O que acabo de escrever representa o paradigma da bestialidade intrínseca dos homens cristalizados, endurecidos,incapazes de verem o outro, de tal modo se deleitam apenas na contemplação do seu próprio eu; e se o eu, assim sozinho e, necessariamente, por via disso, confinado, se vai estreitando até uma dimensão quase nula, como não hão-de parecer nulas ou medíocres todas as personagens com quem se cruza, por maiores que, de facto, sejam? A pequenez que não se auto-assume engendra pequenez em cada golpe de olhar lançado sobre o mundo.
«Dois seres amam-se, unindo-se na diferença e não fundindo-se na in-diferença» Será preciso dizer mais? O que corre por aí, sob a designação de amor, não passa de torpe fusão na in-diferença, em que o outro não conta, em que o outro se torna no instrumento invisível, no depositário de uma semente inútil, tornada imediatamente estéril, porque não a fecunda nenhum desejo de criação.
Explicarei agora o que significa «enteléquia», nem toda a gente lê Aristóteles, e muitos do nosso tempo, se o pudessem conhecer hoje, administrar-lhe-iam uma cicuta moderna, talvez cibernética, e tapar-lhe-iam definitivamente a boca.
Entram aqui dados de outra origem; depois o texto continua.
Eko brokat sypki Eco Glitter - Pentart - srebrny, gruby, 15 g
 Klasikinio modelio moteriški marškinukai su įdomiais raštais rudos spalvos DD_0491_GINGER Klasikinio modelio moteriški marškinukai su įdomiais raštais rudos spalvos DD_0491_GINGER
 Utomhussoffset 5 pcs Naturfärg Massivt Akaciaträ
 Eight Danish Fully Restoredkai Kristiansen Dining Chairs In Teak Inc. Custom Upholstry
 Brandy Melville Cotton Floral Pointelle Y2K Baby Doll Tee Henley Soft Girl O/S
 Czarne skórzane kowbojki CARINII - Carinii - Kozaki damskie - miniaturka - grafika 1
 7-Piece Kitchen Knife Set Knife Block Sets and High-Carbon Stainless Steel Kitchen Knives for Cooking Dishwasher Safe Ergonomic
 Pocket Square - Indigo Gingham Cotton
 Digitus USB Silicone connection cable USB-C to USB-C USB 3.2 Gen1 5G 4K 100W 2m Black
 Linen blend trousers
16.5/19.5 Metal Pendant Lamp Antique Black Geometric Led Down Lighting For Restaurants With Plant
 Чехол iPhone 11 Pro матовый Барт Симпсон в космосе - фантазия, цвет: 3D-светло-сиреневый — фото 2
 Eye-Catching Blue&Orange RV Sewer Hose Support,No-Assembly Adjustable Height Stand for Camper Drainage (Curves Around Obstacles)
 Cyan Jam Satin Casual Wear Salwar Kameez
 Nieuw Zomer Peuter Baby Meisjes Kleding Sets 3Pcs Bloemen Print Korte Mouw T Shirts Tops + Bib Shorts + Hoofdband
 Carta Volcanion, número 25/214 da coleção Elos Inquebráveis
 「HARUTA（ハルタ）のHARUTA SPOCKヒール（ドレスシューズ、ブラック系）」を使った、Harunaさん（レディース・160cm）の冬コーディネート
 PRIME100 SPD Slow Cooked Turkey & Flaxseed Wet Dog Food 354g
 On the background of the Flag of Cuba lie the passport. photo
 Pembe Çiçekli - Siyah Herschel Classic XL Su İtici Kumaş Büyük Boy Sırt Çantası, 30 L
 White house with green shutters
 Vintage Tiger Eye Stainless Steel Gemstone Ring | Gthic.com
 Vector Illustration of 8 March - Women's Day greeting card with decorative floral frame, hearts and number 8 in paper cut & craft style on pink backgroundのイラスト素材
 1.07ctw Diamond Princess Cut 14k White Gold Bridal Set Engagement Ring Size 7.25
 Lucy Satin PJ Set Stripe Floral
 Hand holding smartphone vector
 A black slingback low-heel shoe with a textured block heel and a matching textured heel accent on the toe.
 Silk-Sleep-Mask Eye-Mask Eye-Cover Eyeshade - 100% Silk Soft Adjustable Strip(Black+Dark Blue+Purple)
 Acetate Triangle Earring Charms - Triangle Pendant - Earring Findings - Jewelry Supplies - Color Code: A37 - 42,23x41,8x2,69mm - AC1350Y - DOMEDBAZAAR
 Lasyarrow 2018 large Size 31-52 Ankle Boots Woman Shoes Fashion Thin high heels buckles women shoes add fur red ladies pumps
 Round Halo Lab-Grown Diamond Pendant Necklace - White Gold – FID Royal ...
Do grego, «entelekheia», significa “essência da alma”: estado do ser “em acto”, plenamente realizado, por oposição ao modo de ser “em potência”, ou seja – o ser é movimento contínuo, a partir da potência (o que pode ser e já é, enquanto possibilidade), até ao acto (o que é, na exterioridade efectiva, após realizada a potência) e nessa sucessão de potências e actos, em que se vai subindo, numa ascese intelectual ou espiritual ou, porque não, total, à escala do todo que somos, enquanto entidades, o ser acrescenta-se, agiganta-se até atingir a perfeição – único objectivo a perseguir digno dos humanos que somos. A perfeição: eis a «enteléquia», esse auge do ser em acto, parecido com o deus aristotélico, que, por ser acto puro, escapa ao estado de potência! E então o amor, sendo «enteléquia», tem que produzir esse fenómeno, tem que gerar a perfeição ainda que não consiga realizá-la logo, em pleno, e tenha que aceder a vários estados de dialéctica potência-acto, enquanto não lograr atingir o cume para que tende. O êxtase do amor é apenas esse, e tudo o resto que miseravelmente se conota com prazer e delírio eróticos, vivido ou observado, não passa de simulacro, em que cada um dos intervenientes se liberta, do abraço com que se soldou ao outro,alheado, na tal in-diferença e se dispõe a dormir ou a fumar um cigarro, saciado até à próxima! E é por isso, caros amigos , já que o amor não realiza a «enteléquia», que os amantes se saturam um do outro, pois apenas conhecem um número limitado de gestos que reproduzem automaticamente, passando à frente, feita a descarga biológica – como quem bebe água e sacia a sede, perdendo a água, a partir daí, todo o interesse, até ao próximo surto de secura!